SENEGAL-INFRASTRUCTURES
Dakar, 9 avr (APS) – Le secteur du bâtiment et des travaux publics (BTP) est confronté au non-paiement d’une dette d’environ 300 milliards de francs CFA à la charge de l’État, a indiqué, jeudi, à Dakar, le président du Syndicat professionnel des entrepreneurs du bâtiment et des travaux publics du Sénégal (SPEBTPS), Oumar Ndir.

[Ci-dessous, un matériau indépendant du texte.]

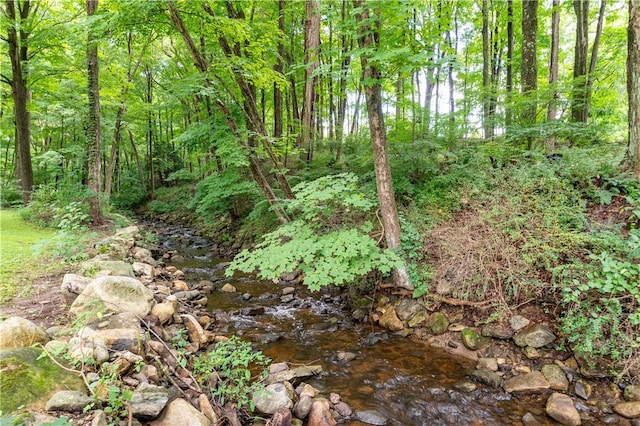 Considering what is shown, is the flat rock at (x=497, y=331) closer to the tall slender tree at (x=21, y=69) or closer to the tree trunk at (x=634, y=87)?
the tree trunk at (x=634, y=87)

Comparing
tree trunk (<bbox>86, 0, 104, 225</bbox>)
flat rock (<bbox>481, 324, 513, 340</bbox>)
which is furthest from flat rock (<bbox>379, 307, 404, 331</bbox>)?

‘’Malheureusement, nous avons une dette d’environ 300 milliards de francs CFA. Des efforts sont faits de temps à autre pour la payer’’, a-t-il dit lors d’une ‘’table ronde’’ sur ‘’le dialogue stratégique public-privé autour des enjeux du secteur du bâtiment et des travaux publics’’.
Oumar Ndir reconnaît que l’État fait des efforts pour payer cette dette.
‘’Il y a un fait qui est constant : les retards de paiement’’, a toutefois signalé M. Ndir, estimant qu’‘’une entreprise qui n’est pas payée est une entreprise fragilisée’’.
La dette est un obstacle à la création d’emplois par les entreprises du BTP, à leur ‘’survie’’ et à la compétitivité de l’économie, selon le président du SPEBTPS.
‘’Soixante-dix pour cent des montants à payer pour les chantiers entamés ont été payés. Cela veut dire que l’État n’est pas un mauvais payeur’’, a soutenu le ministre des Infrastructures, Déthié Fall.
L’État, au-delà des efforts fournis pour le paiement de la dette des entreprises du BTP, fait de son mieux pour soutenir ce secteur, a-t-il dit en intervenant à la ‘’table ronde’’.
‘’Concernant la dette que vous avez évoquée, des pas importants ont été franchis. D’autres vont suivre […] Le secteur privé est un partenaire de l’État. Si l’État ne le soutient pas, il ne pourra pas atteindre ses objectifs en matière de construction d’infrastructures’’, a affirmé Déthié Fall.